基本的には喪主が行い、体調面やメンタルの面において難しい場合は司会者が代行することが一般的ですが、誰が挨拶を行っても構いません。
昨今では家族葬が主流となっており、時代の流れとともに風習や地方・地域の葬儀に関する考え方も現代風に変化しつつあります。本来は主催者の喪主が行うのは当然だという考え方ですが、現在では必ずしもそうではありません。
「喪主以外の兄弟」「故人の孫」など他の遺族や親類が行っても全く問題はなく、司会者に代行してもらうくらいなら他の親戚が行う方が丁寧だという考えです。
司会者は上手く文章を作りますが、故人のことをよく知りませんので参列者からすると説得力はありません。極端な話「今まで故人にご厚情いただき、参列者の皆様には感謝しています。ありがとうございました。」などの一言の方がよっぽど気持ちがこもっているのは間違いないですよね。
しかし葬儀という悲しい場でありますので挨拶どころではない方も多く、人前で緊張してしまうので挨拶なんてできるわけがないという方も多くいらっしゃいます。

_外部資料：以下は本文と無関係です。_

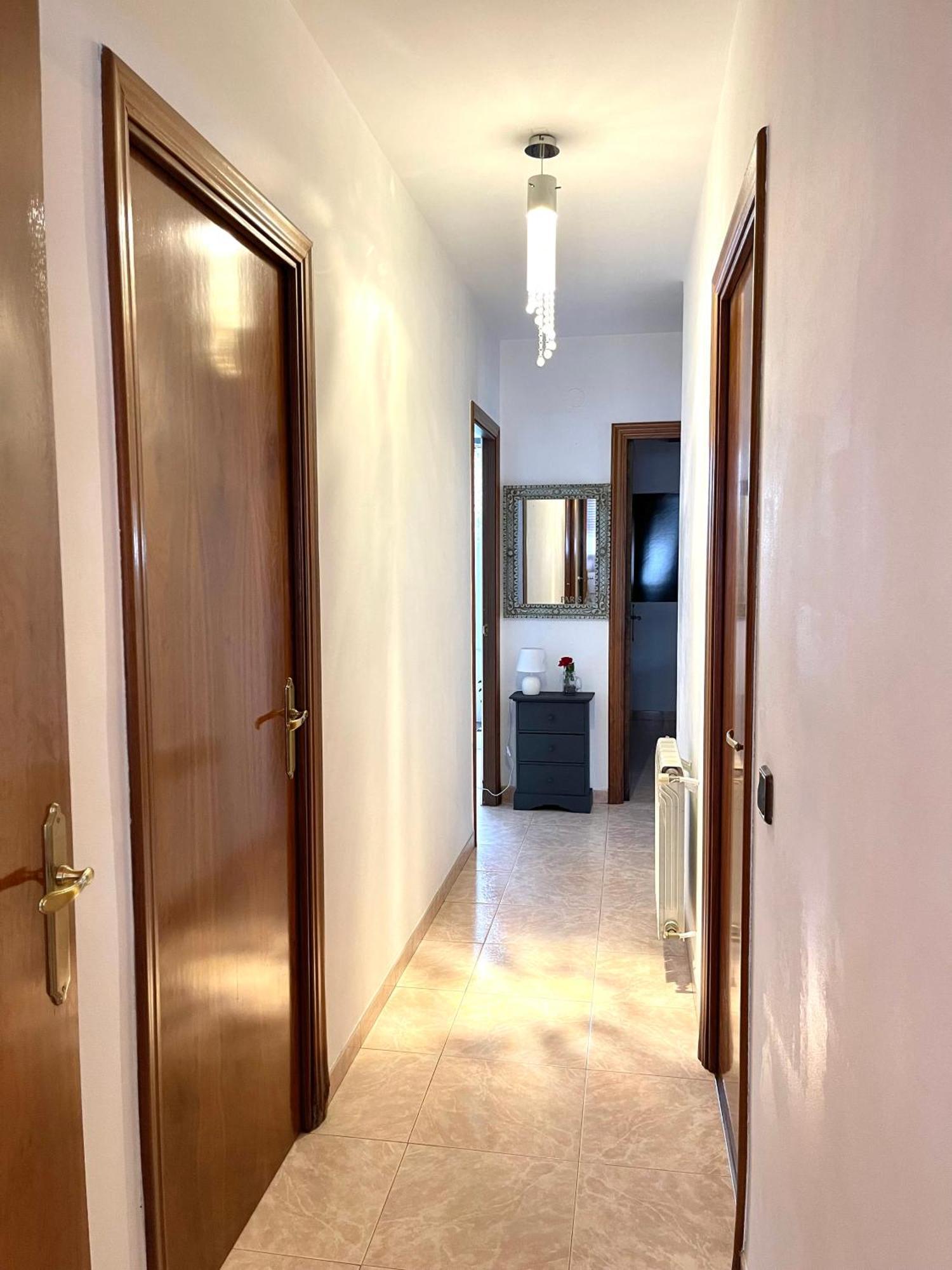 Alojamiento Turistico Casa Ela L'Aldea Kültér fotó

無理してまで喪主や喪主以外の親戚が挨拶をするのではなく、少しでもできそうな感じであればするというイメージでよいといえます。土壇場で無理だと感じた場合は司会者が代行してくれますから。
葬儀の挨拶は絶対必要?
身内のみの数人であれば喪主の挨拶を省略するケースは多いです。そして、絶対に必要だとはいえませんが、他の親戚や友人・知人・会社関係の方が少しでも参列される家族葬であれば挨拶の場を設けるほうが丁寧だといえます。
- 遠方から来る親戚
- 久しぶりに会う親戚
- 親友や仲の良かった友人
- 会社で関わりの深かった者
- 遺言で参列を指定していた者
などが参列する場合は省略せず、難しいようであれば司会者の代行でもよいので感謝の意を伝えることが大切です。
喪主挨拶の例文をご紹介
インターネットで調べれば挨拶の例文はたくさん出てきます。同じ文章を読むのもいいといえますが、それを少しオリジナル風に変えて行えばよいといえます。
通夜式終了後の挨拶
本日皆様にはお忙しい中、ご参列頂き誠にありがとうございます。私は故人〇〇の妻(長男)の〇〇と申します。★故人様のエピソードなど★本日ご参列頂きました皆様には何かとご厚情たまわりました事、心から御礼を申し上げますとともに、今後とも故人生前中同様の変わらぬお付き合いをお願い申し上げまして、通夜式御礼のご挨拶とさせて頂きます。明日の葬儀告別式は〇〇時に開式しまして、〇〇時〇〇斎場(火葬場)に向けて出棺となります。お忙しいとは思いますがお見送り下さいますようお願いいたします。本日は誠にありがとうございました。 |
葬儀告別式終了後の挨拶
本日皆様にはお忙しい中、ご会葬頂き誠にありがとうございます。★故人様のエピソードなど★故人生前中、皆様には何かとご厚情たまわり誠にありがとうございました。この度の葬儀式を滞りなく終える事が出来ましたのも、昨夜からのご弔問そして本日ご会葬頂きました皆様のおかげでございます。故人もさぞかし喜んでいるかと思います。今後とも故人生前中同様のお付き合いをお願い申し上げまして、会葬御礼のご挨拶とさせて頂きます。本日は誠にありがとうございました。 |
故人のエピソードとは?
例文や定型文は調べるとたくさん出てきますが、オリジナルの文章を作るなら故人と自分・家族との思い出話などをお話してもよいでしょう。
- 故人生前中は家族の前でどんな人物だったか
- 故人はどんな性格であったか
- 故人との楽しい思い出
- 故人に怒られた思い出
- 故人の意外な一面
などなど、どんなことでも構いません。縁の深かった参列者が知りたいであろうなと予想できる部分を自分なりの話し方でお話すればよいです。
会食時の喪主挨拶
本日はお忙しい中、ご参列頂き誠にありがとうございました。皆様のお力添えを持ちまして、この度の葬儀式(通夜式)を滞りなく終えることができました。ささやかな気持ちではございますが、お食事をご準備させて頂きましたので、故人を偲び(しのび)ながら召し上がって頂ければと存じます。本日は誠にありがとうございました。 ※お葬式や法要の場合「乾杯」ではなく「献杯(けんぱい)」と言いましょう。 |
お坊さんへの挨拶は?
寺院への挨拶はお通夜式の前や葬儀式の前に控室に出向いて行います。「本日は宜しくお願いします。急なことで申し訳ございません。」など冒頭の挨拶をすれば会話が広まっていきます。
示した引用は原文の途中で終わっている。